START Input data

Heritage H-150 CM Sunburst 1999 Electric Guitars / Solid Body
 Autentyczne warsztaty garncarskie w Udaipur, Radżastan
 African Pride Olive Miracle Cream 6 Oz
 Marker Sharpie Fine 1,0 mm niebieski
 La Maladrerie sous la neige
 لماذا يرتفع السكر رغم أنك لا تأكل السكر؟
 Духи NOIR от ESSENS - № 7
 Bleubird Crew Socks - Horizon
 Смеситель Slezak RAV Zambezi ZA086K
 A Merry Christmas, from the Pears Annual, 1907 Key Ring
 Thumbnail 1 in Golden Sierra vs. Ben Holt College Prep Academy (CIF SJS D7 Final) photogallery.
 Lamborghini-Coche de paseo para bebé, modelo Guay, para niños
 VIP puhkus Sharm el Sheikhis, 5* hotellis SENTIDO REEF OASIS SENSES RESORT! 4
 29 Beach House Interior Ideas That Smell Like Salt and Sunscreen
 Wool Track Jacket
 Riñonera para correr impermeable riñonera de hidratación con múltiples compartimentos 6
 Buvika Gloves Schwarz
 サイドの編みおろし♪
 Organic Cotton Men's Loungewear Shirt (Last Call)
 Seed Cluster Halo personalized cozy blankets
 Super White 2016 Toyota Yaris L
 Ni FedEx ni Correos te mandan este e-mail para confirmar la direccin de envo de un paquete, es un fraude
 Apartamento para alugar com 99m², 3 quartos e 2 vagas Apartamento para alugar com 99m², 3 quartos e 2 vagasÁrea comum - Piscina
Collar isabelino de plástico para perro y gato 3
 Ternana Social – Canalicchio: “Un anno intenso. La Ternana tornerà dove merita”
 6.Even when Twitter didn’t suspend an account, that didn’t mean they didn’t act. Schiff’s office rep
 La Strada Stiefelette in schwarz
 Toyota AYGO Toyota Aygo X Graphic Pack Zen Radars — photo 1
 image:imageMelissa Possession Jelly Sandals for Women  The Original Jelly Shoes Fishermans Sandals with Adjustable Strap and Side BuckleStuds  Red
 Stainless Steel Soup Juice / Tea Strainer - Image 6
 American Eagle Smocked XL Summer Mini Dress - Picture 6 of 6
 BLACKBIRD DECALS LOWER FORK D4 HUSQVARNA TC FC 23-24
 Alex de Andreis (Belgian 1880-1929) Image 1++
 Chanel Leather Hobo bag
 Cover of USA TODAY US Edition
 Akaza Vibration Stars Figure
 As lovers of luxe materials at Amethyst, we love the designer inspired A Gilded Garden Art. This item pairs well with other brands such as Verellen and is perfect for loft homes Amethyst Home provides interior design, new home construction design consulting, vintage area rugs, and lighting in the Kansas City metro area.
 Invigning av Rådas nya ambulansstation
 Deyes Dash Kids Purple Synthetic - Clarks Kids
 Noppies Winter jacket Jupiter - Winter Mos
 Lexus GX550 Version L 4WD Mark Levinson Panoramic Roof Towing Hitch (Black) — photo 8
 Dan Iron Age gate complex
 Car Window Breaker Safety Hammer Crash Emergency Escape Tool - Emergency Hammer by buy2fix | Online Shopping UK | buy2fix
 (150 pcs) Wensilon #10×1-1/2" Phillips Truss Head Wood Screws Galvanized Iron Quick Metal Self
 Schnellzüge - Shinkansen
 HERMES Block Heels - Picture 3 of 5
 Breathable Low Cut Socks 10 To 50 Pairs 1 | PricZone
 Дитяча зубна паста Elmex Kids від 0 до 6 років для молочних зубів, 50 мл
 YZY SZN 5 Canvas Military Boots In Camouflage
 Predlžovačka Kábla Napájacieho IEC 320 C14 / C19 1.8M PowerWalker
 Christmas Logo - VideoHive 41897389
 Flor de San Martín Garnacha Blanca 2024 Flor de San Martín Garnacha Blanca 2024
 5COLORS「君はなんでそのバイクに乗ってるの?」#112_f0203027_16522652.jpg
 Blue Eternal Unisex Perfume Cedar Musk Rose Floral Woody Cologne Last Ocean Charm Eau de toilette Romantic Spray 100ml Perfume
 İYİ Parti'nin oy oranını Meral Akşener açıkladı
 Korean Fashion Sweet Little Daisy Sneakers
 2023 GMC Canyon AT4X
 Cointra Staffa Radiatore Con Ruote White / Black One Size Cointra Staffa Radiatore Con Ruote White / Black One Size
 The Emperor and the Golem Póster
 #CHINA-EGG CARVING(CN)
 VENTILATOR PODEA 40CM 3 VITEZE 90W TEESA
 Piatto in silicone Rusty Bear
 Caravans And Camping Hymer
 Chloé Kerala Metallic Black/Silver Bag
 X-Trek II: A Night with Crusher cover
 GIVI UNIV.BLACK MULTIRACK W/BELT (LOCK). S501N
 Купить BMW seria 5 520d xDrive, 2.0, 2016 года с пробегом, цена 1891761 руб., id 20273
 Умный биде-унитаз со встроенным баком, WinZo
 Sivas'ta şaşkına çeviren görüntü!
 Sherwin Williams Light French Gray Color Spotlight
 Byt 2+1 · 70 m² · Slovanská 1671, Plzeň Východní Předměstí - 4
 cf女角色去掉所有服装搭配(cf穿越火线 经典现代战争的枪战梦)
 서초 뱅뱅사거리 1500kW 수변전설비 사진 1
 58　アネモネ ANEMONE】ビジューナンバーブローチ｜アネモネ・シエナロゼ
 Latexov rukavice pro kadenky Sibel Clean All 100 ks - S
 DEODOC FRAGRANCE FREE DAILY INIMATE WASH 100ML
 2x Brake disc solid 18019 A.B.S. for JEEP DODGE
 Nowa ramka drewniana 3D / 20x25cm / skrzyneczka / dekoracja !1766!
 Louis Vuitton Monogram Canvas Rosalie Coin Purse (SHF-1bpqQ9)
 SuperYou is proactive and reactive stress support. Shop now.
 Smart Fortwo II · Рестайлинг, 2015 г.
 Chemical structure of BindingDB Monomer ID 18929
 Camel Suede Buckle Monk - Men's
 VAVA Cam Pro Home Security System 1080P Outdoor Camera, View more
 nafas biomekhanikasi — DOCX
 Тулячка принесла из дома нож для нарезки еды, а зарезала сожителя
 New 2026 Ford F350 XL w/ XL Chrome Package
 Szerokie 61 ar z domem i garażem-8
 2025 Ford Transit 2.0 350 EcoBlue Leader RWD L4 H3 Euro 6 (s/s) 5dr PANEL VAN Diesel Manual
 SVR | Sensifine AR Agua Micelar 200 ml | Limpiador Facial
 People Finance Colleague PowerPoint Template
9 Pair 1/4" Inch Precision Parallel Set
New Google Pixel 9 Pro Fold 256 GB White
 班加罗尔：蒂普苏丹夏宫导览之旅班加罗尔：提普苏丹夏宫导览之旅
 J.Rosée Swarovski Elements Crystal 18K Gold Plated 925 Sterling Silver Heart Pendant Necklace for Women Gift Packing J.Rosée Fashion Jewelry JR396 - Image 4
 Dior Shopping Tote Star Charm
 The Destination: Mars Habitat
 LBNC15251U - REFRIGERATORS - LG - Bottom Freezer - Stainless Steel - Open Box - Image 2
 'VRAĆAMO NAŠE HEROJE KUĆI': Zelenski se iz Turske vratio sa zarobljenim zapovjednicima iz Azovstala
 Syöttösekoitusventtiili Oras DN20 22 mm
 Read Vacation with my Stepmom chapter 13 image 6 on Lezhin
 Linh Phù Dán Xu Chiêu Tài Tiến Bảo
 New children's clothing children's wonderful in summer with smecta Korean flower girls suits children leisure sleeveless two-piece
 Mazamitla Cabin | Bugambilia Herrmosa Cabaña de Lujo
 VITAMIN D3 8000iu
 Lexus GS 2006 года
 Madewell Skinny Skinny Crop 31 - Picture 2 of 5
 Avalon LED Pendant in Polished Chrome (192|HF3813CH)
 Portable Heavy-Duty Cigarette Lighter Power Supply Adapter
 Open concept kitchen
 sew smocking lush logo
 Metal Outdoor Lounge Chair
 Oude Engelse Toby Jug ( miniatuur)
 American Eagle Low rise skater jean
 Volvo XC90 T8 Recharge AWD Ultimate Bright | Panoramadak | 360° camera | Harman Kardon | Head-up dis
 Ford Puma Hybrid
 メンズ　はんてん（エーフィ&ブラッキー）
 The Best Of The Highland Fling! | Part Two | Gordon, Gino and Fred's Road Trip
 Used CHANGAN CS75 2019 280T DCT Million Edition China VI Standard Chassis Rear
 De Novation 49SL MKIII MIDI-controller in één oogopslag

END Input data

### Exercise details
The line with "メンズ　はんてん（エーフィ&ブラッキー）" and all the lines after it in the records above are to be output exactly, with nothing added.

### Worked solution
 メンズ　はんてん（エーフィ&ブラッキー）
 The Best Of The Highland Fling! | Part Two | Gordon, Gino and Fred's Road Trip
 Used CHANGAN CS75 2019 280T DCT Million Edition China VI Standard Chassis Rear
 De Novation 49SL MKIII MIDI-controller in één oogopslag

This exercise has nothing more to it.